3月1日にGIAC Penetration Terster(GPEN)というペンテストの資格に合格しました。他の方もよくおっしゃっているように、日本語の情報があまりなかったので、自分の体験を備忘録として残しておこうと思います。実際に受験する際にも日本語の試験に関する情報が非常に有益であったので、この備忘録が少しでも今後同様の試験を受験する方の参考になれば幸いです。また、今回の試験は通常のテストセンターではなく在宅での受験であったため、その辺りの勝手なども記録として残せたらと思います。
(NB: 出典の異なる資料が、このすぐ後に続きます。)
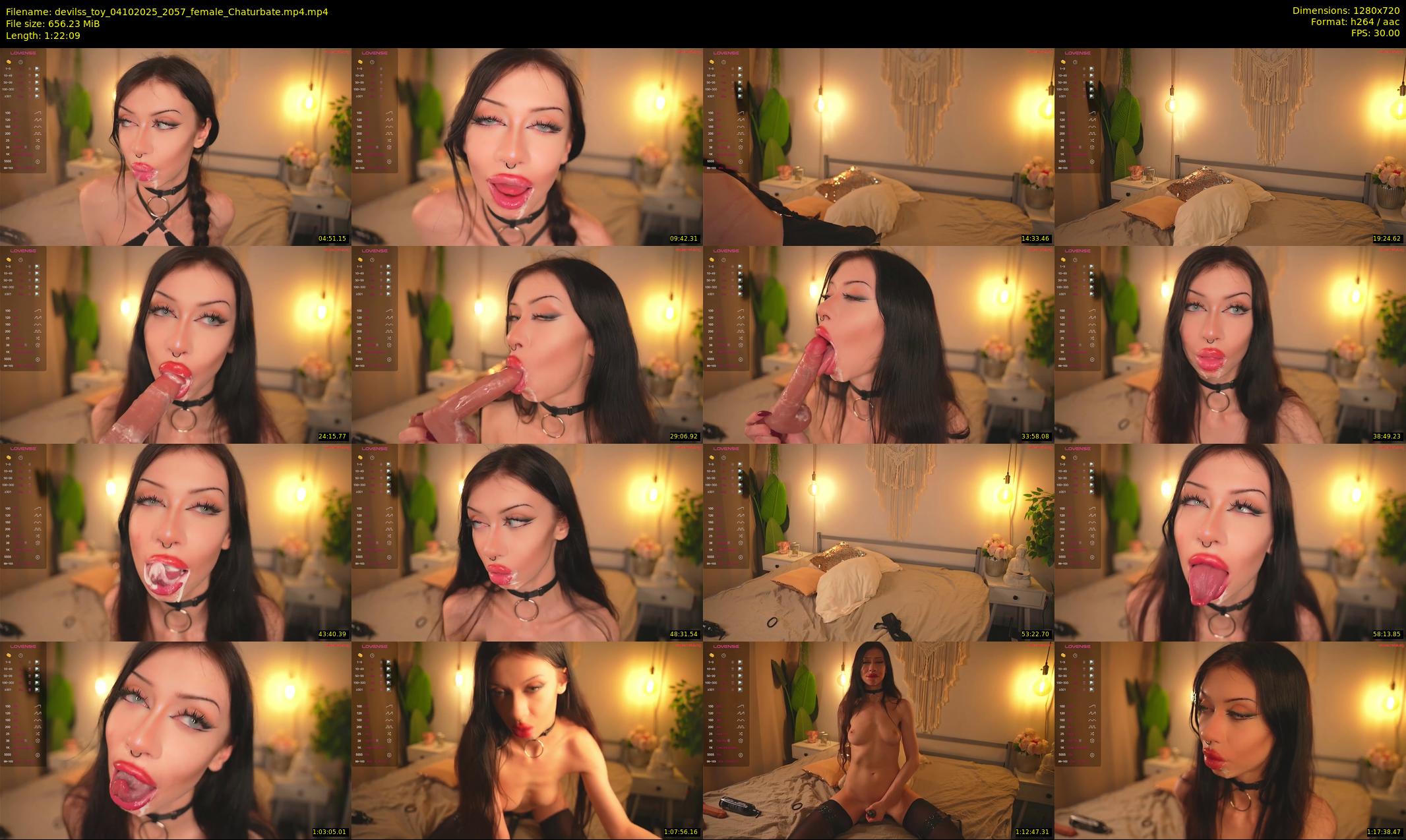 devilss_toy — 83 minute Chaturbate female cam show recording, 720p, Oct 4, 2025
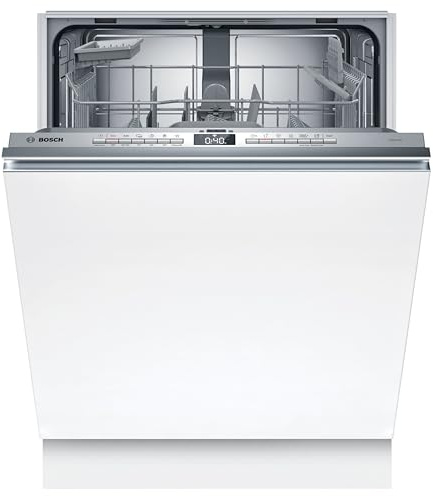 BOSCH SBV4HTX00E XXL-Geschirrspüler Serie 4, vollintegrierte Spülmaschine mit Besteckkorb, 60 cm, Home Connect, Extra Trocknen, Flex Körbe, Rack Matic, Silence Plus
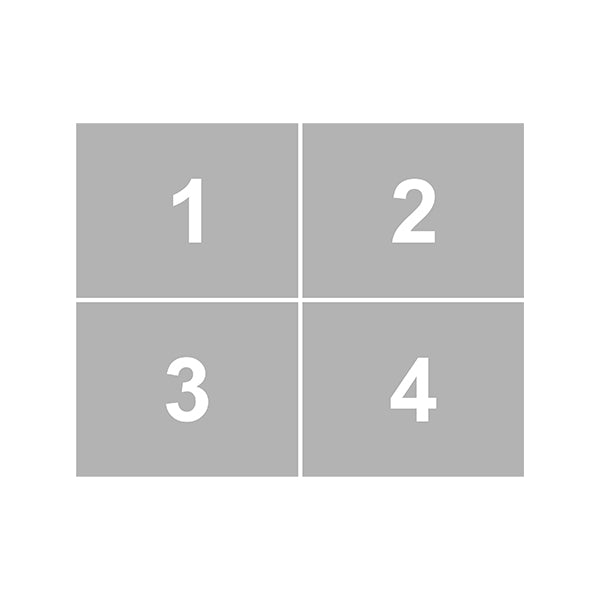 Egyedi, négy fényképpel ellátott baba előke rózsaszín szegéllyel, cserélhető névvel és 4 szabadon választható fotóval, bézs háttéren esztétikusan elrendezve.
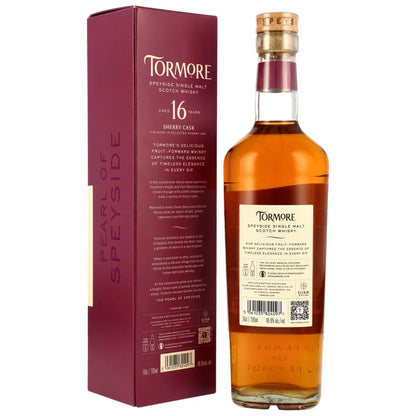 Tormore 16 Jahre – Oloroso & Cream Sherry Casks – 46,8 % vol. – 0,7 l
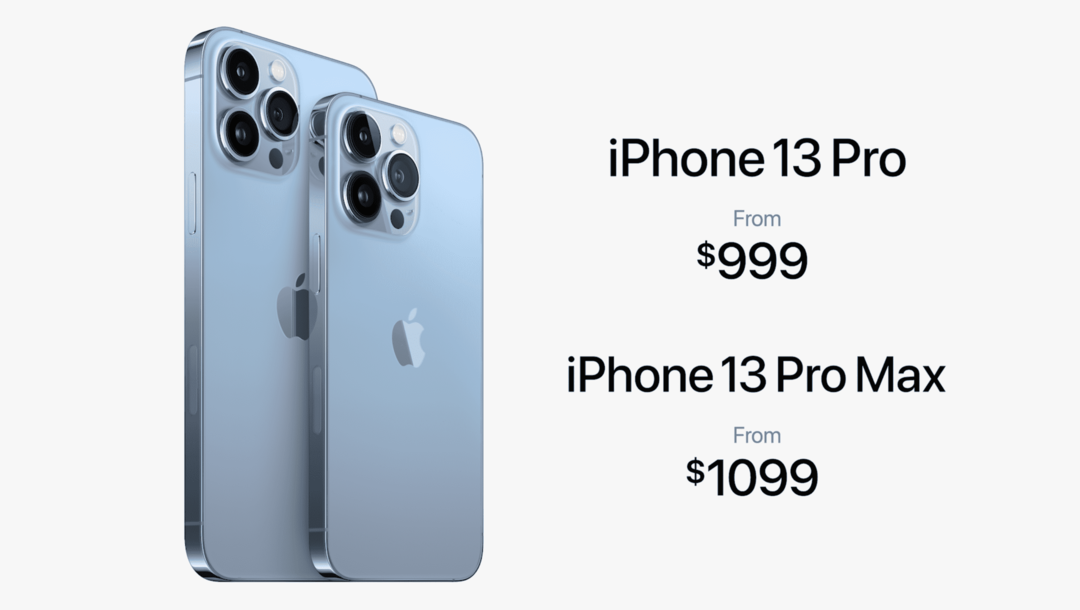 iPhone 13 Pro och iPhone 13 Pro Max tillkännagivande 16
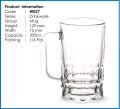 Clear Glass Juice/Drinking/Water Mug- 305Ml Olila W027 - Coffee Mug. 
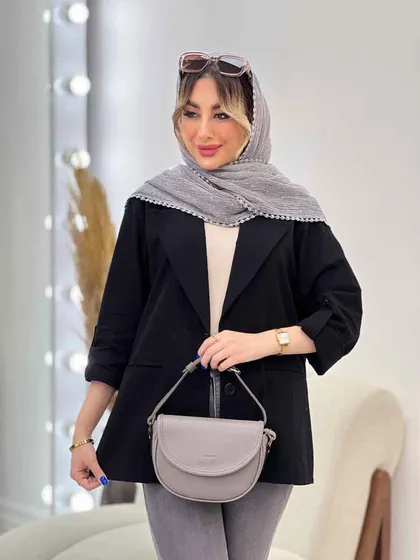 مانتو کتی دو دکمه ثمین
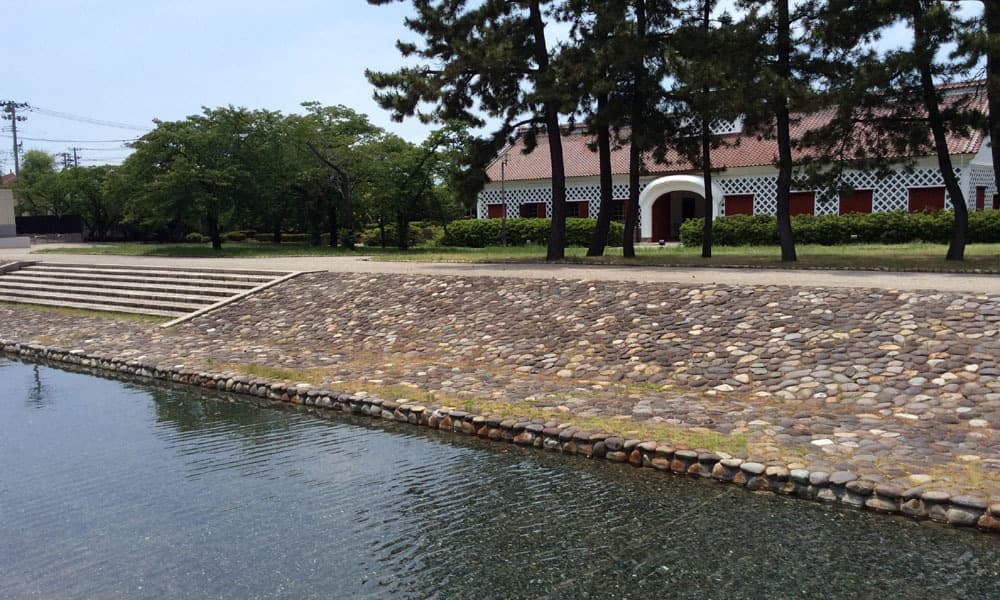 開港当時の荷揚げ場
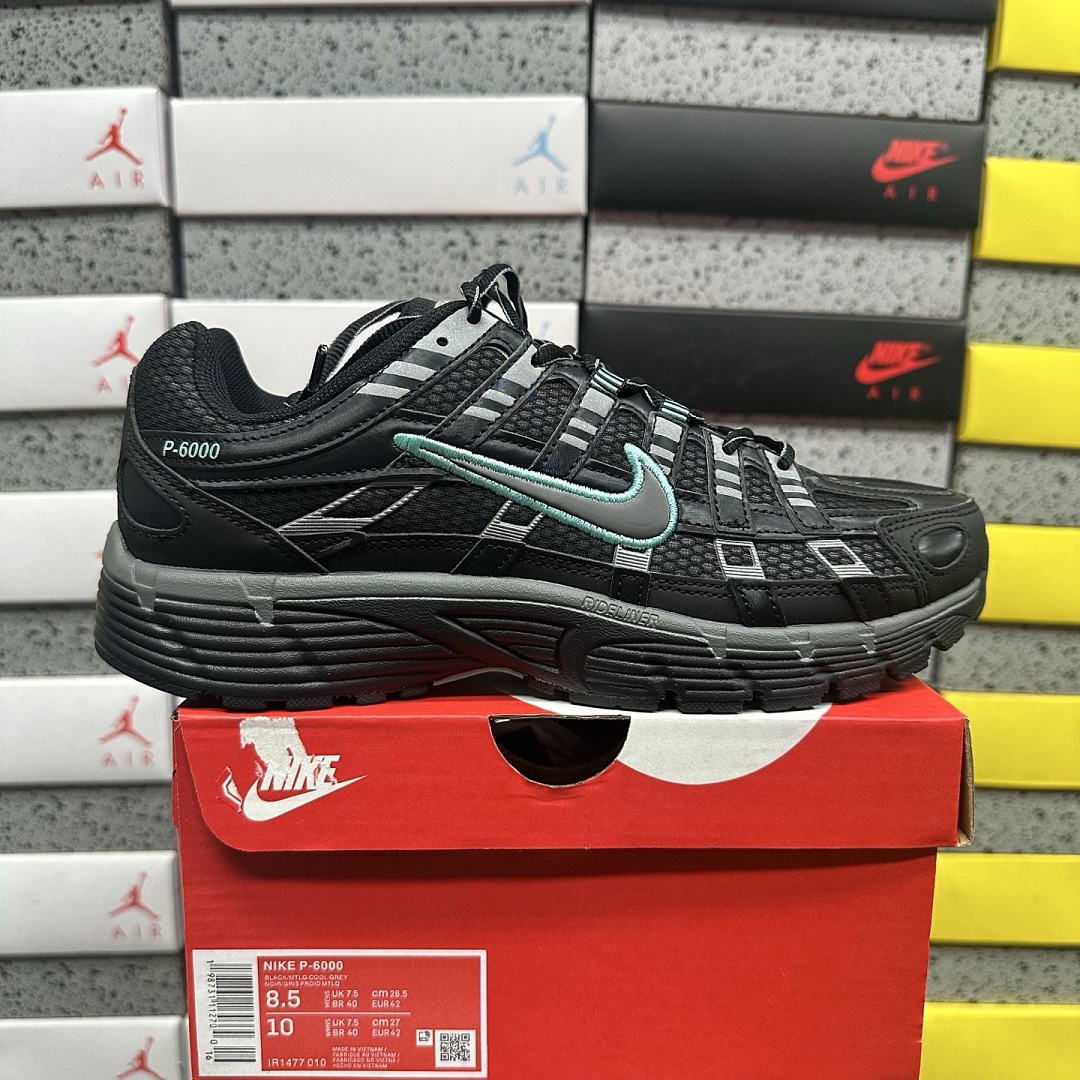 Nike P-6000 Black Hyper Turquoise Cool (Grey)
(多分長くなります、、)

バックグラウンド

そもそもの話として、以下簡単な私自身バックグラウンドです。

  • 非情報系の修士卒(ほんのちょっとプログラミングをかじった程度)
  • セキュリティ歴約1年
  • 業務内容はセキュリティ関連の調査や企画、簡単な教育関係がほとんど(いわゆる技術系の手を動かす業務の比率は小さい)
  • Metasploitを少しいじったことはあるが、ペンテスト自体に関わることはまずない

きっかけ

  • 今後のセキュリティ分野でのキャリアを考えた際、攻撃手法寄りの業務に興味があった
  • 会社の外部研修受講の一環でSANS SECURITY 560を受講(非常に高額なトレーニングなので、本当に会社様様です。。)
  • SEC560受講の流れでGIACも受験(受験費用は個人負担、合格したらその分会社から同額が支給されるという形でした)

試験概要

試験時間:3時間
言語:英語
問題数:75問(選択問題)+8問(ハンズオン)
選択問題の形式:基本的に4択、たまに3択
ハンズオン問題の形式:ブラウザ上からVMを操作する形、答えは選択式
合格基準:(私が受験した際は)75%
試験場所:自宅からリモート

スケジュール

私がSEC560を受講したのが2020年の8月末〜9月にかけて、その後12月に試験を申し込み、実際に受験したのが3月という形でした。トレーニング受講から試験まで期間がかなり空いてしまったのは、勉強期間を確保したかったからというのもなくはないですが、単純に受験料が高すぎて冬のボーナスを待たないと支払えなかったからです。社会人2年目に12万強の受験料は厳しい、、、

試験準備

本来はTryHackMeHack The Boxなどでハンズオン経験を積み、万全の状態で試験本番に臨むつもりでしたが、全く手がつけられずに年が明けてしまったため、結局下記のような流れになりました。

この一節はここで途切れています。